BCG admite que subornou (através do escritório em Lisboa) responsáveis angolanosA informação tinha sido comunicada pela própria Boston Consulting Group ao Departamento de Justiça norte-americano, que optou não processar a consultora dado que, além de ter denunciado o caso, despediu os envolvidos e cooperou com a investigação.
Entre 2011 e 2017, os escritórios da Boston Consulting Group (BCG) em Lisboa subornaram responsáveis angolanos e membros do MPLA, com o objetivo de que a consultora saísse vencedora dos contratos a que concorria em Angola.
O processo era feito através do envio de dinheiro para contas "offshore" controladas por homens fortes dos responsáveis políticos. Numa das situações a BCG acordou o pagamento a um agente ligado a oficiais angolanos entre 20% e 35% do valor do contrato, com esse dinheiro a rodar entre três entidades "offshore" diferentes.
"Certos funcionários da BCG em Portugal tomaram medidas para ocultar a natureza do trabalho do agente para a BCG quando surgiam questões internas, incluindo através da atualização da data de contratos para um período anterior e da falsificação do alegado propósito do trabalho do agente", pode ler-se na investigação do Departamento de Justiça norte-americano (DoJ) publicado esta quarta-feira.
Estes sete anos coincidiram com o fim do "reinado" de José Eduardo dos Santos, que abandonou a presidência após 38 anos.
Esta prática foi inicialmente reportada pela própria BCG ao Departamento de Justiça norte-americano. Daí que na investigação tornada pública esta quarta-feira - apesar de as práticas incorrerem numa violação do "US Foreign Corrupt Practices Act" - o departamento indica que não vai processar a consultora, uma vez que além de ter denunciado o caso, despediu as pessoas envolvidas e cooperou com a investigação.
Entre 2011 e 2017, a BCG ganhou 11 contratos com o Ministério da Economia e um com o Banco Nacional de Angola (BNA), que geraram uma faturação de 22,5 milhões de dólares e lucros de 14,4 milhões de dólares. Como parte do processo com o DoJ, a consultora não aceitou esse valor.
Neste período, o Ministério da Economia era liderado por Abrahão Gourgel. Já o Banco Nacional de Angola teve três governadores, José Lima Massano (2010-2015), José Pedro de Morais (2015-2016) e Walter Filipe (2016-2017).
José Lima Massano é atualmente ministro para a Coordenação Económica do governo liderado por João Lourenço.
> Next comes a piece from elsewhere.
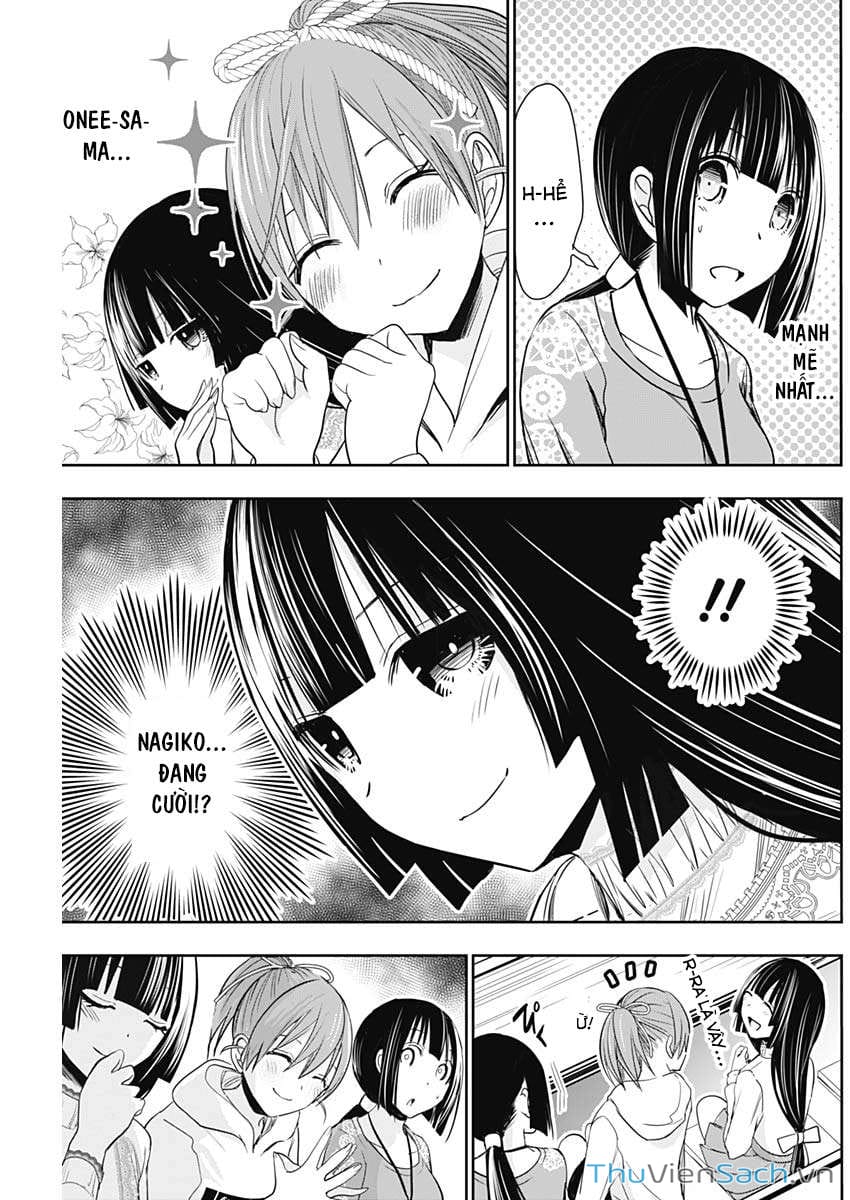 Truyện Tranh Chuyện Chàng Minamoto trang 6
Quanto a Walter Filipe foi condenado, em 2020, a oito anos de prisão pelos crimes de peculato na forma continuada e de burla por defraudação na forma continuada pelo seu envolvimento no caso dos "500 milhões". Neste processo, foi também condenado a cinco anos de prisão, pelos crimes de fraude e tráfico de influências, o filho do antigo presidente José Eduardo dos Santos, José Filomeno dos Santos (Zenú).
Quanto a José Pedro de Morais é referenciado como membro da elite angolana que melhor respondeu ao repto de João Lourenço para a devolução de dinheiro aos cofres do Estado. O antigo ministro das Finanças e ex-governador do BNA terá entregue cerca de 60 milhões de dólares, dinheiro que se encontrava depositado no estrangeiro.
A BCG afirmou ao Departamento de Justiça que "retirou os indivíduos da empresa, encerrou o escritório em Luanda" e "continuou a reforçar significativamente as suas funções de 'compliance', controlos internos e a formação".